Austin CEO and Managing Director, David Singleton, said: “We are very excited to have this entry point into India as we continue to broaden our customer network across the Asia Pacific region. India is the world’s third largest iron ore producer, and we are pleased to have secured an order with one of the country’s major miners. It presents an important opportunity for Austin to market its customised equipment and the potential advantages it could bring the country’s iron ore sector. We also see India as a logical market expansion opportunity given our existing experience in the Australian iron ore sector.

“The Australian Government has vastly improved business access and trade opportunity with India through an elimination, reduction or phase out of tariffs, and we see a long-term future potential for Austin in this market.”

Metso receives repeat order from iron ore processing plant in Europe

Metso has received a repeat order for an iron ore processing plant in Europe, for a replacement chain for its iron ore pelletising system.

The OEM’s complete chain package delivery consists of more than 6,000 high-quality grate plates, chain links, through rods and side plates supported by comprehensive maintenance and full services to maximise production uptime.

The order valued at €9 million ($9.9 million) has been booked in the Minerals’ segment March quarter orders received.

“We are honoured that the customer has chosen Metso to provide critical components for this important project,” Roar Vasboe, Vice President of Sales and Services Nordics for Metso, said. “Our team is dedicated to providing high-quality, reliable products that meet the needs of our customer. We are committed to sustainability and continuous improvement, and we are confident that our solution will help them to achieve their production goals safely and efficiently.”

Metso says it is the only supplier in the world that has both the straight grate and the grate kiln process for pelletising.

The company has designed and supplied the most modern and largest grate kiln systems in the world, with these plants having the highest outputs with the lowest fuel usage and lowest emissions.

Vale makes headway on low-emission iron ore briquette development

Vale says it has successfully tested a new type of iron ore briquette, adapted for the direct reduction route, which will contribute to the decarbonisation of steel production.

The new type of briquette, which will support the steel industry’s efforts to meet emission reduction targets worldwide, emits about 80% less CO2 compared with pellets in its manufacture, abating the company’s direct and indirect emissions (Scope 1 and 2). The briquette can also be used as a charge for the blast furnace (BF-BOF).

Direct reduction is one of the routes used in steel production. It is considered cleaner than the blast furnace route as it uses natural gas instead of coke – an input obtained from coking coal – and, therefore, emits less carbon and other greenhouse gases (GHG).

The production of briquette meets the trend of the steel industry to increasingly adopt the direct reduction route, Vale says. Studies show that for every tonne of steel produced in the blast furnace, two tonnes of CO2 are emitted, while in direct reduction, carbon emissions fall to 0.6-1 t.

In recent months, Vale has stepped up development of a new type of briquette for this route. So far, seven experimental tests have been carried out at plants for different clients in the Americas. The tests, known as basket tests, have involved small quantities of briquette and pellets being placed side by side in baskets, which fed the reactors.

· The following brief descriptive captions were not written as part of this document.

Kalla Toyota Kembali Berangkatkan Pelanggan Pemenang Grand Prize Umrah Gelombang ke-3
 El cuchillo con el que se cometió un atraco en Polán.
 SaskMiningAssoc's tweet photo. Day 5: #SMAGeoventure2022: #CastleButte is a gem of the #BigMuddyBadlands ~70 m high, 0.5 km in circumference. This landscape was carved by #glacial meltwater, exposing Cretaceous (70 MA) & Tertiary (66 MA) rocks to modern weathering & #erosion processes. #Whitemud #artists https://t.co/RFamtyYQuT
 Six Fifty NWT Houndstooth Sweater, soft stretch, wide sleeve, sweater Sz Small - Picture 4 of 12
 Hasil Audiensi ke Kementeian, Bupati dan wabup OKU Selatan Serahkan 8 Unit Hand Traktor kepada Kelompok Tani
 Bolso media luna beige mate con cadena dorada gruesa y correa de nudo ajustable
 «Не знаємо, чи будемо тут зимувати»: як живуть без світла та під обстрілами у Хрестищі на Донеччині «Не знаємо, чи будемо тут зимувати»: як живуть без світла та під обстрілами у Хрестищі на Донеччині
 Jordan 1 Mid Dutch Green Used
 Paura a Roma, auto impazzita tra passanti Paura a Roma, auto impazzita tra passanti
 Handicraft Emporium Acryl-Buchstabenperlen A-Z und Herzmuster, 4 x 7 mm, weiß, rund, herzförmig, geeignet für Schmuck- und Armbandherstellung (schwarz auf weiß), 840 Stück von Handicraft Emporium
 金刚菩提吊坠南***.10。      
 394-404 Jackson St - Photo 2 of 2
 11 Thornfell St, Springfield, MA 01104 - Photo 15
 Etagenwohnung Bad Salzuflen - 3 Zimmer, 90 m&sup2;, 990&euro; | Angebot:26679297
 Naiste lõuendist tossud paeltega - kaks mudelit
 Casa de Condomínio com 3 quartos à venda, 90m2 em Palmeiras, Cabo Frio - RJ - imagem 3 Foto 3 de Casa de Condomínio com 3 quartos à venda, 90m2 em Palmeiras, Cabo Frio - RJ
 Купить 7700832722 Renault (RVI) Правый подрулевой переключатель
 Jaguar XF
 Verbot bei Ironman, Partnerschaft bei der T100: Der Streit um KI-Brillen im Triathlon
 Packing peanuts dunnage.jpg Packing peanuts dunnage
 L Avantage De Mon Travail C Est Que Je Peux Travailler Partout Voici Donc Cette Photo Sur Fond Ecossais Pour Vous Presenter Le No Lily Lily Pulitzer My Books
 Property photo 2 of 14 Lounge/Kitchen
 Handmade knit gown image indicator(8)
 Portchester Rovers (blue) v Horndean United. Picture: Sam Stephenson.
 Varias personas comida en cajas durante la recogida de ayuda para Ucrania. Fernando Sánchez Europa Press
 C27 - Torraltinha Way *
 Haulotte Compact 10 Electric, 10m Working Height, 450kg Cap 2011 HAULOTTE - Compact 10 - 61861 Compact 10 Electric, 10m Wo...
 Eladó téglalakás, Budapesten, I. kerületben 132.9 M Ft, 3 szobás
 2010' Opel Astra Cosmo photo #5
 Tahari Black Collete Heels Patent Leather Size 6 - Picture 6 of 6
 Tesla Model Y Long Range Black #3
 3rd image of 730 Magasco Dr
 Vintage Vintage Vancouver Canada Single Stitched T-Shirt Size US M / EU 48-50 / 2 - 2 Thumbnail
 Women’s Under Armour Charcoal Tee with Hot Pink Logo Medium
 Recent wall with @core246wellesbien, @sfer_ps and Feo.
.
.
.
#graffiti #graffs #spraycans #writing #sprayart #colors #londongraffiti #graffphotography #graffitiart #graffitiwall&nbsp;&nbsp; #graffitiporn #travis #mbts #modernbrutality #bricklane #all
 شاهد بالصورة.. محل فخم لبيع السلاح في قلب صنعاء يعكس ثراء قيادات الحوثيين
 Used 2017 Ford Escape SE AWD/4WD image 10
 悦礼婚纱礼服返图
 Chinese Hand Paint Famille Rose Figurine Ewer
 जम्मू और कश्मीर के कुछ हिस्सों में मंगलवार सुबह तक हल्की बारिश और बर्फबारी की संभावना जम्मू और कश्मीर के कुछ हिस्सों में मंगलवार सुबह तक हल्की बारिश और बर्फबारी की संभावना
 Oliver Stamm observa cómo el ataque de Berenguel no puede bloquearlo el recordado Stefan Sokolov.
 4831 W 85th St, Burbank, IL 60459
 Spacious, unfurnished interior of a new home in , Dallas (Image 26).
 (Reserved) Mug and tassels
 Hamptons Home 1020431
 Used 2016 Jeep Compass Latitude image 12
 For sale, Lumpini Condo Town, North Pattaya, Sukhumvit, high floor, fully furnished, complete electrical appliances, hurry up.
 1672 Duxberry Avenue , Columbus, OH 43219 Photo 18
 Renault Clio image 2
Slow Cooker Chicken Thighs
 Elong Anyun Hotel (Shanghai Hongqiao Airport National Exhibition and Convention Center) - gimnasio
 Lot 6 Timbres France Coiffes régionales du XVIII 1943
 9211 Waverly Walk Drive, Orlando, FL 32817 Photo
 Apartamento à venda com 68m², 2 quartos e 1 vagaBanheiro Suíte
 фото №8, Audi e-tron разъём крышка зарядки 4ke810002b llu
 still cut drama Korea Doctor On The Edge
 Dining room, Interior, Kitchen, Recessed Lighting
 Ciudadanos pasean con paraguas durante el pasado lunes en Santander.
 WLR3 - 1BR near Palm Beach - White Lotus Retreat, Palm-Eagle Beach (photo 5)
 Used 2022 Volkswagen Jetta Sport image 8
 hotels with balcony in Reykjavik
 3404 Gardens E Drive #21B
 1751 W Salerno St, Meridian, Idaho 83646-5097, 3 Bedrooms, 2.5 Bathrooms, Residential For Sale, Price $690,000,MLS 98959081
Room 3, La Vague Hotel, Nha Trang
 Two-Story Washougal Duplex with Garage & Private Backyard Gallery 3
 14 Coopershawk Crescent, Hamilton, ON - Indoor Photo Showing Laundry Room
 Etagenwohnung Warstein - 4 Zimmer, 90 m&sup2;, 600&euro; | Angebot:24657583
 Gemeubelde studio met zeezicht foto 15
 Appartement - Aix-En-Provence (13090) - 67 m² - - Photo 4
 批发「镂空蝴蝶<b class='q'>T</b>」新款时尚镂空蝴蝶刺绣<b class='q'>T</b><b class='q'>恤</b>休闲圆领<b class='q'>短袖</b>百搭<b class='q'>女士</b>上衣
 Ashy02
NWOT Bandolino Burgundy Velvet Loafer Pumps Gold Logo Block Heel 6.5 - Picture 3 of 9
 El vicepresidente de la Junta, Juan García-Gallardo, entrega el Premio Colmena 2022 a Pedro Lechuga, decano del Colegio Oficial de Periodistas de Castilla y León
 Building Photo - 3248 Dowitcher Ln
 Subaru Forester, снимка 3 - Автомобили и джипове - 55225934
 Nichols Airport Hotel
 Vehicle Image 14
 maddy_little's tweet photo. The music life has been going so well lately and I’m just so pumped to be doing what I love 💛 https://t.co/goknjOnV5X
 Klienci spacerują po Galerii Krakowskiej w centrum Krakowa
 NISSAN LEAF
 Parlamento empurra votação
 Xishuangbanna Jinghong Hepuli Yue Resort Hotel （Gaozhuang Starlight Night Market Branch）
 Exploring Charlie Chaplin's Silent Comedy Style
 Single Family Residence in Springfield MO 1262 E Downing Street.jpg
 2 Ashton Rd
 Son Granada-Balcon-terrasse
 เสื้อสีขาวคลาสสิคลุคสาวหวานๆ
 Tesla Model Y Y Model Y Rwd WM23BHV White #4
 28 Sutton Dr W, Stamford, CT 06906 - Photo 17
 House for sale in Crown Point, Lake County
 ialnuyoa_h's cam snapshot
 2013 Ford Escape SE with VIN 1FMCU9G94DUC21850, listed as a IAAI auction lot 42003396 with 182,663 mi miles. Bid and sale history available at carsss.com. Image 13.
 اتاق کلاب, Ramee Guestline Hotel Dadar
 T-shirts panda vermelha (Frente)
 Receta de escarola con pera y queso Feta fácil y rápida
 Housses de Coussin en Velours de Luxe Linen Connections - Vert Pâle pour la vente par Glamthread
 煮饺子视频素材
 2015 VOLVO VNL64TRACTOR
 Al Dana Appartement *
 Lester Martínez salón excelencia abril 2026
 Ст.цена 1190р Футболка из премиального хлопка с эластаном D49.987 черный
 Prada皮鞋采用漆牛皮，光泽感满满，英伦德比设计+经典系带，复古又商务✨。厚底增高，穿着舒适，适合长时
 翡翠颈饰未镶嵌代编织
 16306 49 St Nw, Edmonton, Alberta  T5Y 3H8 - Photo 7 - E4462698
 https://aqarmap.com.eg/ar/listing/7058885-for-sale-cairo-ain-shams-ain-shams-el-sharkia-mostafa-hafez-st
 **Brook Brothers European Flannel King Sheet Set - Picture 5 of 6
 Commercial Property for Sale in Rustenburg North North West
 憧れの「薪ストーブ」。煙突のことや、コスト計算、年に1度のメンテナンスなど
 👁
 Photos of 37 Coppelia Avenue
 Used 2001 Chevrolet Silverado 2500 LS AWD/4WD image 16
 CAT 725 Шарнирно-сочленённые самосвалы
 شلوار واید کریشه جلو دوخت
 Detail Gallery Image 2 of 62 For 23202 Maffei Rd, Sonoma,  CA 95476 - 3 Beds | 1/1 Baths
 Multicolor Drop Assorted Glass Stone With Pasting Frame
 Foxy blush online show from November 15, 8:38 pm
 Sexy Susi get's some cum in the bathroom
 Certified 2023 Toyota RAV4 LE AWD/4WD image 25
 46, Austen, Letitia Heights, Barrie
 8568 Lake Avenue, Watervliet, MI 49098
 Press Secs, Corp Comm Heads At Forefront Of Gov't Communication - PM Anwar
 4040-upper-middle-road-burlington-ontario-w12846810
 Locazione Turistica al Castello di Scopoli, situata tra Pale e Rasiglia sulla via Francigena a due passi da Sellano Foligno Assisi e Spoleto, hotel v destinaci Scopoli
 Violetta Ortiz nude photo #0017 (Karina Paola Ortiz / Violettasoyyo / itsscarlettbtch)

Rogério Nogueira, Vale’s Director of Product and Business Development, said: “With the development of this new type of briquette, Vale is taking another important step in its contribution to reducing emissions from the steelmaking chain through innovation, always in close collaboration with its clients and development partners.”

In one of the tests carried out, for example, the new product outperformed pellets in metallisation, reaching a metallic iron content of around 98%, while pellets reached 95%. This result indicates that the new type of briquette can improve the productivity of steel mill clients, Vale says.

The briquette also performed well in terms of disintegration. In one of the tests, for example, around 7% of fines were generated, against 14% with the use of pellets. The smaller presence of fine particles as a result of the disintegration facilitates the passage of the gas through the reactor, increasing productivity and reducing the consumption of this fuel, which contributes to reduced carbon emissions.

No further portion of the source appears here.